# T shirt design



## Jada (Jul 21, 2012)

so I'm plannin on making a t shirt saying in bold white letters sayin SI Crew in the front but I wanna hear what motto guys can come up with for me to put in the back of the shirt. All members pls participate! Once we have the chosen one and everyone votes on it I'll make the first one . Hopefully the boss hint can make them and we all can contribute to the site we love if not it doesn't hurt for me to ask a second time.


----------



## Bro Bundy (Jul 21, 2012)

Si till i die!!!! with a wolf howling at the moon with a crazy tren look in his eyes..


----------



## LeanHerm (Jul 21, 2012)

Fuck clen and t-3, I use mast, rips n chicken. Lol. Me and spongys saying


----------



## Infantry87 (Jul 21, 2012)

Yea i'm jacked
come at me bro!!!


----------



## Azog (Jul 21, 2012)

Brother Bundy said:


> Si till i die!!!! with a wolf howling at the moon with a crazy tren look in his eyes..



This. I'd buy one.


----------



## TheLupinator (Jul 21, 2012)

"This Game of Ours"

with gears turning behind it


----------



## ken Sass (Jul 21, 2012)

die big die young


----------



## ken Sass (Jul 21, 2012)

Jadakiss said:


> so I'm plannin on making a t shirt saying in bold white letters sayin SI Crew in the front but I wanna hear what motto guys can come up with for me to put in the back of the shirt. All members pls participate! Once we have the chosen one and everyone votes on it I'll make the first one . Hopefully the boss hint can make them and we all can contribute to the site we love if not it doesn't hurt for me to ask a second time.


i love this idea


----------



## coltmc4545 (Jul 21, 2012)

mlupi319 said:


> "This Game of Ours"
> 
> with gears turning behind it



I like this but switch game to thing. This thing of ours. Mafioso style.


----------



## RowdyBrad (Jul 21, 2012)

Capital letters saying BROTHERHOOD on the back


----------



## beasto (Jul 21, 2012)

Even though it's from one of my shirt's I designed, I will still throw it out there. "Some call it an obsession...I call it our lifestyle"


----------



## KingMoose (Jul 21, 2012)

Needs to be cool, but slightly vague also.  I'm personally not wearing a shirt that has the word "steroid" written anywhere on it...and that might become an issue given the name of the board.  

Having said that:

HELL YEAH, to the SI Shirts!   I still wear my shirt from an old board I was on.


----------



## JOMO (Jul 21, 2012)

rowdybrad said:


> Capital letters saying BROTHERHOOD on the back



I like this one! Subtle and not too flashy.


----------



## Jada (Jul 21, 2012)

Im loving all of them keep it comin!


----------



## Bullseye Forever (Jul 21, 2012)

on the front "SI Crew and on the back "Im jacked and I know It"


----------



## Jada (Jul 21, 2012)

Nice one Bull!


----------



## Pikiki (Jul 21, 2012)

Like Rowdy`s design and what ever on the back is cool for me. I want some shirts 2 or 3 lol, BTW the color shoulkd be black or withe


----------



## Spongy (Jul 21, 2012)

"100% Natural"


----------



## Lulu66 (Jul 21, 2012)

Si. 'till pip do us part'


----------



## Lulu66 (Jul 21, 2012)

Or: Living Life 1cc At The Time...


----------



## Hurt (Jul 21, 2012)

I like the design rowdy threw up...would be cool to have a barbell or something incorporated somewhere.

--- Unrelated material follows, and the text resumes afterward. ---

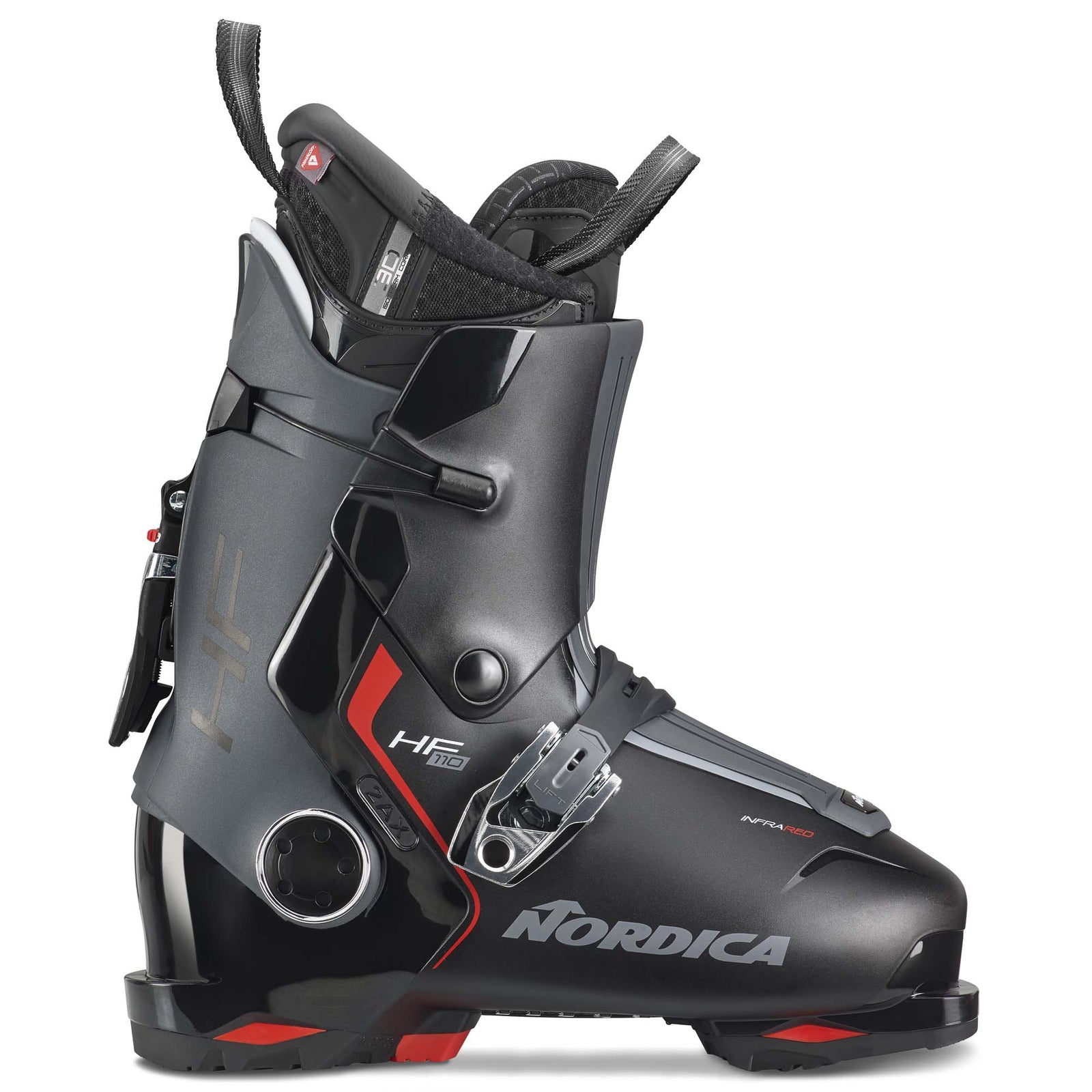 Nordica Men's HF 110 Ski Boot 2024 BLK/ANTHR/RED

I've always liked the expression "Oh really, I look like I use steroids? Thank you!" haha but probably wouldn't go over well on a T shirt.  

SImple and vague is the way to go IMO.


----------



## TheLupinator (Jul 21, 2012)

and a picture

http://www.google.com/search?q=gear...KOqGo6wHOp-irCg&ved=0CEwQsAQ&biw=1255&bih=625

get it?!? get it?!?


----------



## AndroSport (Jul 21, 2012)

We could make some sort of play on SI...

*SI*
*S*eriously *I*ntense,
*S*eriously *I*nformative,
*S*eriously *I*nto it,
It's *S*omething *I*nside us...
*THE BROTHERHOOD*

Those are just a few that came to mind but it could be anything that makes sense with those letters... the gears mentioned above might be cool too


----------



## RowdyBrad (Jul 22, 2012)




----------



## Bullseye Forever (Jul 22, 2012)

rowdybrad said:


>



This on the front for sure......maybe something like 100% Brotherhood on the back


----------



## RowdyBrad (Jul 22, 2012)

Got some rough pricing if we actually decided to do it. These prices are minimum of 24, but better pricing the more we get of each. The pricing covers the shirts and all shipping. White shirt with black color or black shirt with white color. All profit would go to the site. I figured these prices would give a little money to the site for each buy, but if we buy even more then that profit goes up from price breaks.

shirts - tee, sleeveless, tank
---------------
xl - 12
2xl - 13.50
3xl - 14
4xl - 15

shirts - Long sleeve heavy cotton
---------------
xl - 13
2xl - 14.50
3xl - 15
4xl - 16

Sweat Shirt
---------------
xl - 16
2xl - 17.50
3xl - 18
4xl - 19

Hanes Hoodie
---------------
xl - 22
2xl - 23.50
3xl - 24
4xl - 25


----------



## JOMO (Jul 22, 2012)

Damn, hope we can make this work. I love the idea of getting some money back to this place. I would get a hoody and T if this goes through!


----------



## RowdyBrad (Jul 22, 2012)

Figured the hoody would have the design on the back. What is other input? We can do as few as 6, but the price each is higher by alot.


----------



## coltmc4545 (Jul 23, 2012)

Is there any Shmediums or just larges for cobra? He's only 193 lbs now and likes his shirts Jersey shore tight.


----------



## RowdyBrad (Jul 23, 2012)

I'll check, I know they have a kids section....


----------



## ken Sass (Jul 23, 2012)

i am in 2xl for me


----------



## conan (Jul 23, 2012)

Loving this idea.  Count me in!


----------



## Bullseye Forever (Jul 23, 2012)

conan said:


> Loving this idea.  Count me in!


Me to Rowdy,count me in to,anything i can do to help,finances,i will donate from my farm if needed


----------



## Bro Bundy (Jul 23, 2012)

I need extra medium


----------



## TheLupinator (Jul 23, 2012)

coltmc4545 said:


> Is there any Shmediums or just larges for cobra? He's only 193 lbs now and likes his shirts Jersey shore tight.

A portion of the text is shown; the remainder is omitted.